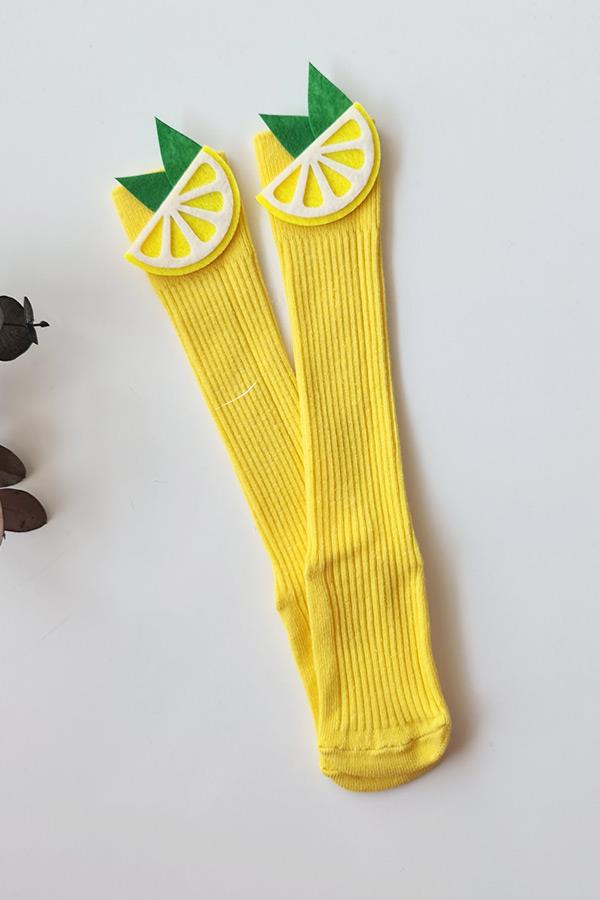 Limon Figürlü Bebek Dizaltı Çorap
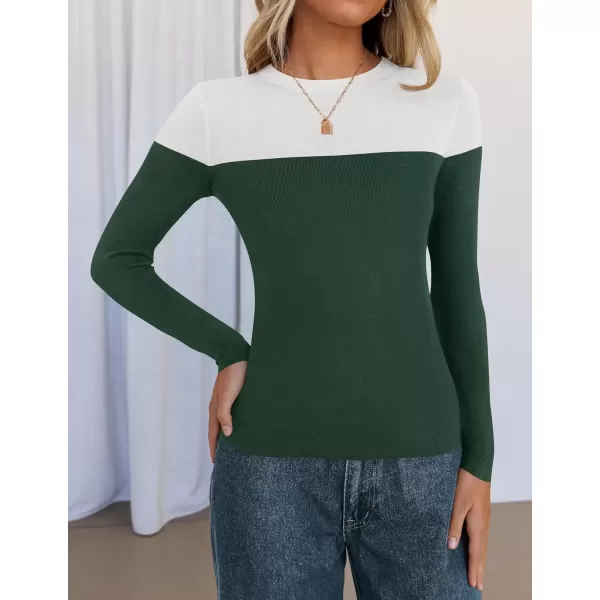 imageZESICA Womens Long Sleeve Crewneck Shirts 2024 Fall Knit Color Block Sweaters Slim Fitted Casual Basic Tee TopsDark Green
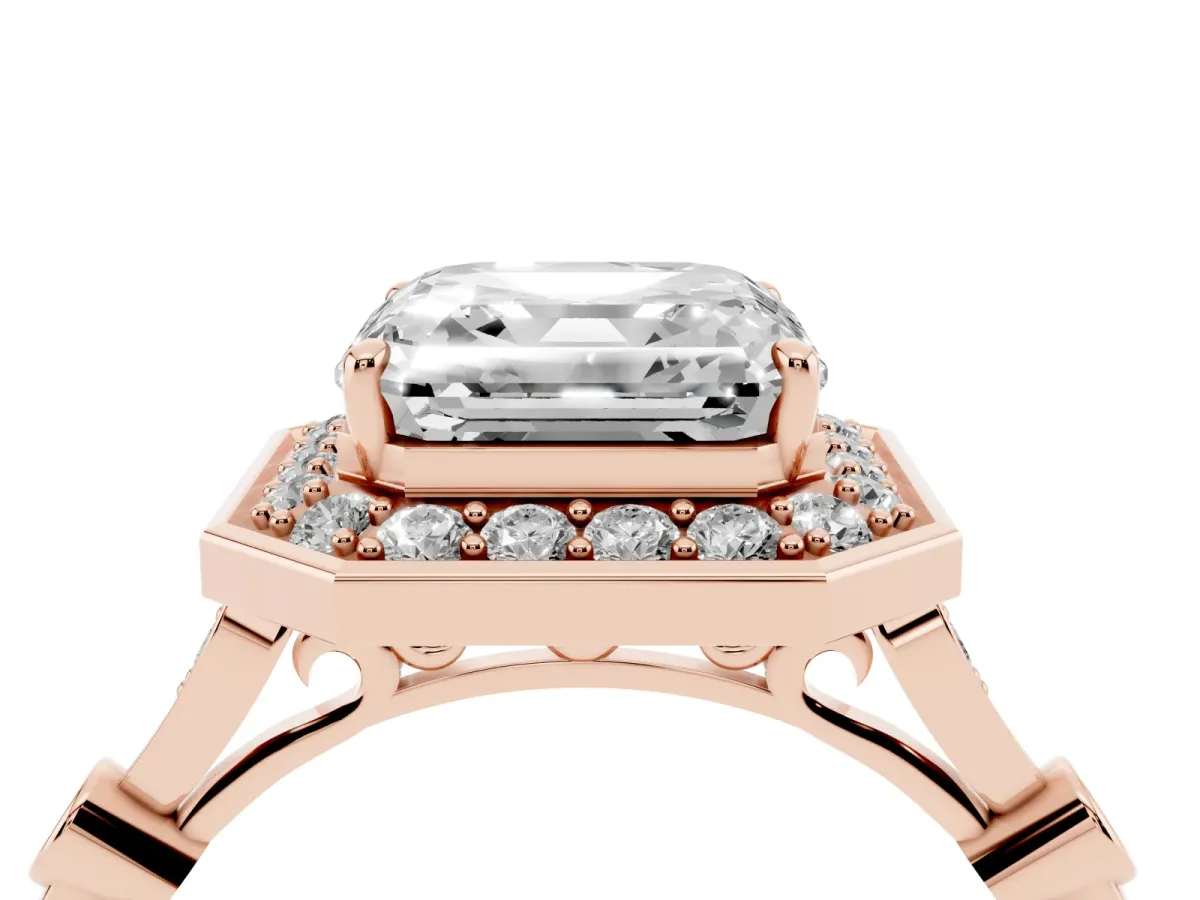 Asscher Cut Halo Diamond Engagement Ring with Twisted Band and Four-Prong Setting Rose gold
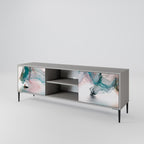 VELVET CROSSING Mueble de TV de 2 Puertas en Acabado Gris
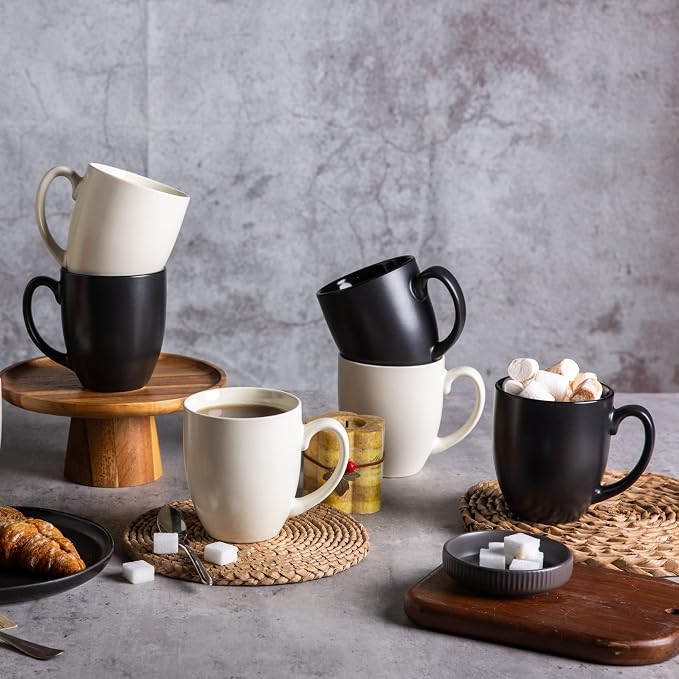 AmorArc 16oz Coffee Mugs Set of 6, Large Ceramic Coffee Mugs for Men Women Dad Mom, Modern Coffee Mugs with handle for Tea/Latte/Cappuccino/Cocoa. Dishwasher&Microwave Safe, Matte Black - Image 8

::::::::::

> _What you have to do_: Leave the pictures out and print the records above exactly as they stand.

> _Exercise result_:
 Limon Figürlü Bebek Dizaltı Çorap
 imageZESICA Womens Long Sleeve Crewneck Shirts 2024 Fall Knit Color Block Sweaters Slim Fitted Casual Basic Tee TopsDark Green
 Asscher Cut Halo Diamond Engagement Ring with Twisted Band and Four-Prong Setting Rose gold
 VELVET CROSSING Mueble de TV de 2 Puertas en Acabado Gris
 AmorArc 16oz Coffee Mugs Set of 6, Large Ceramic Coffee Mugs for Men Women Dad Mom, Modern Coffee Mugs with handle for Tea/Latte/Cappuccino/Cocoa. Dishwasher&Microwave Safe, Matte Black - Image 8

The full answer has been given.